Alf was the barefoot runner, born into poverty, who overcame social divides and snooty athletes to conquer, invariably breasting the tape inches ahead of upper-class rivals.
Kelly Holmes is no Alf Tupper, but neither is she someone who was born with a silver spoon in her mouth.
It's an interesting statistic that 80 per cent of Britain's medal winners in Athens attended public schools.
Kelly, from humbler origins in Hildenborough, attended Hugh Christie School in Tonbridge and is a product of the state system.
But between her, mum Pam and her PE teacher at school, Kelly turned up at Tonbridge Athletics Club one day as a 12-year-old when the long process of creating an Olympic champion began.
For the next few years, an exhausting routine familiar to many parents of promising young sportsmen and women will have evolved.
Rushing from work to take her to training, a quick bite to eat, rushing out again to collect youngster: long car journeys to obscure venues in faraway places and then the car journeys back, cheering them up when they've lost and trying to keep their feet on the ground when they've won.
It's an exhausting process for all concerned, but that is what it takes to produce champions.
There are real problems with sports facilities in our part of the world.
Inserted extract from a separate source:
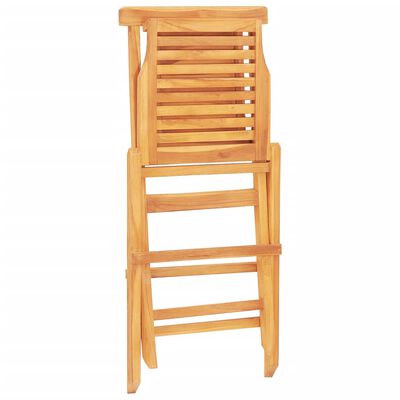 vidaXL Folding Patio Chairs 2 pcs 18.5"x24.8"x35.4" Solid Wood Teak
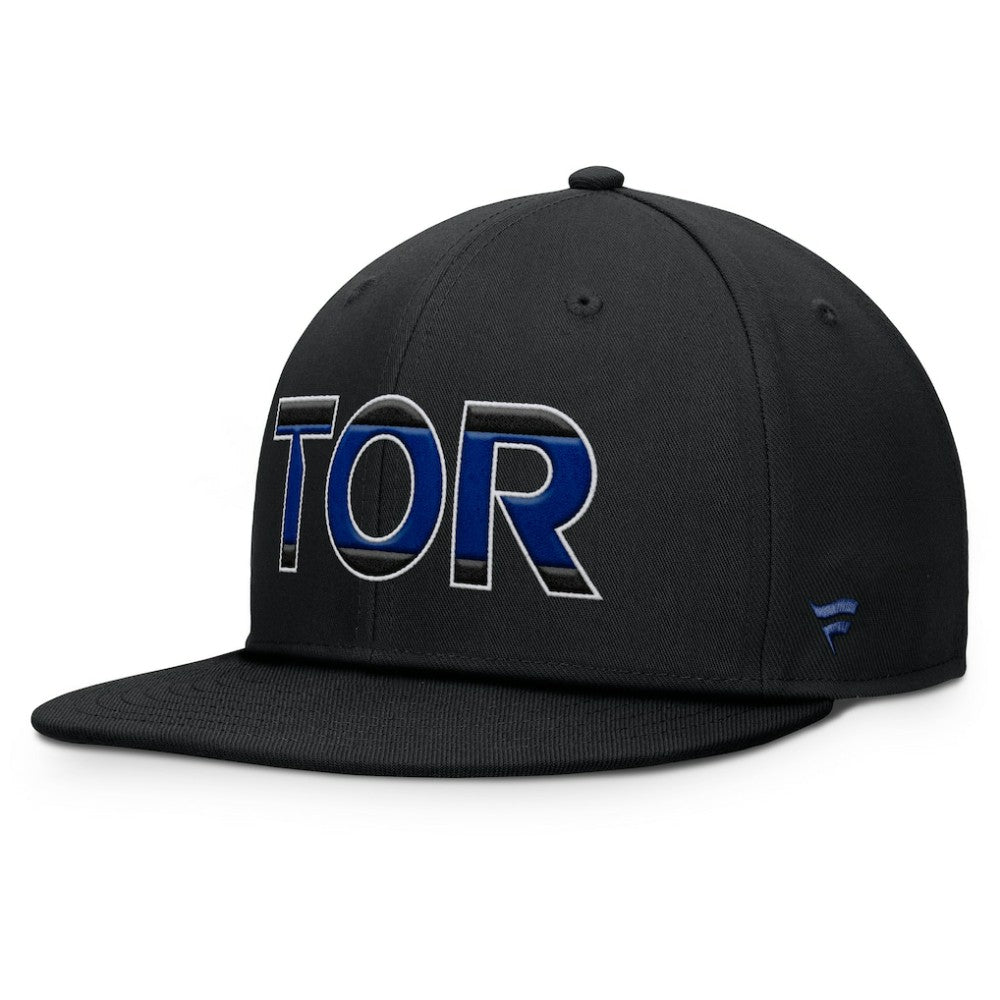 Toronto Maple Leafs Fanatics Authentic Pro Alternate Jersey Snapback Hat - Black - NHL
Athletics tracks are few and far between.
But the champions of tomorrow will have the drive to succeed.
Mums, dads, teachers and coaches can't build the athletics tracks, but they can build the Kellys of tomorrow with devotion, energy and sacrifice.
Councils, private business and others holding the purse strings also have a responsibility to cough up cash to build the tracks, pitches and pools.
In Maidstone, especially, our civic leaders should have been watching the grand parade in Tonbridge on Wednesday with a considerable degree of embarrassment.